Disclaimer: Prior one still holds. ^.^
On Tuesday, April 16, 2019 at 12:03:03 PM UTC-6, José Valim wrote:
>
> I have to disagree on some points:
>
> 1. Traversing the AST is not as complex as it sounds. You literally need
> four clauses (and the first two can be written as proxy to the third):
>
> def traverse({left, meta, right})
>
> def traverse({one, two})
> def traverse([_ | _] = list)
>
> def traverse(other)
>
>
Just simply traversing the ast to read it is not a case I often do by
itself in macro's, rather I tend to do steps like this:
1. Traverse AST to gather information.
2. Traverse a case to modify and transform nodes based on prior collected
information (this is where I have wrap primitives and lists in
`:__block__`'s and unpack 2-tuples into the proper generic tuple form so I
can store additional metadata on them).
3. Often step 2 has to be repeated a few times for a few other passes,
generate code based on multi-level metadata, move AST nodes around, etc...

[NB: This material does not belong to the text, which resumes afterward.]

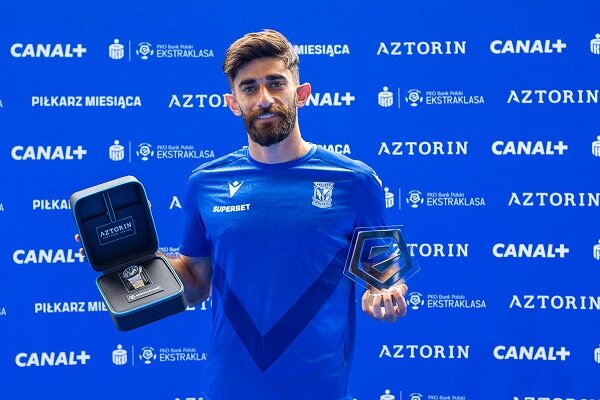 قلی زاده جایزه بهترین بازیکن ماه لهستان را دریافت کرد + عکس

4. I don't both stripping my added metadata as the engine seems to ignore
it, so now I finally just return it.
On Tuesday, April 16, 2019 at 12:03:03 PM UTC-6, José Valim wrote:
> 2. If we converted everything to 3 element tuples, the issue is not only
> Macro.keywordify as there are also macros that match on atoms too (and on
> strings too albeit less common). For instance, every Phoenix application
> does it . So making everything a three-element tuple would hurt that.
>
Exactly, those macro's can match on the AST form of an atom or atoms
themselves, a macro can even make such matches a simple thing such as added
a 'guard' of the form like `AST.is_atom/1` that matches an atom or a
supposed `{:atom, [], "a"}`. Or if it always wants it in one form or the
other then it can just transform it before working on it.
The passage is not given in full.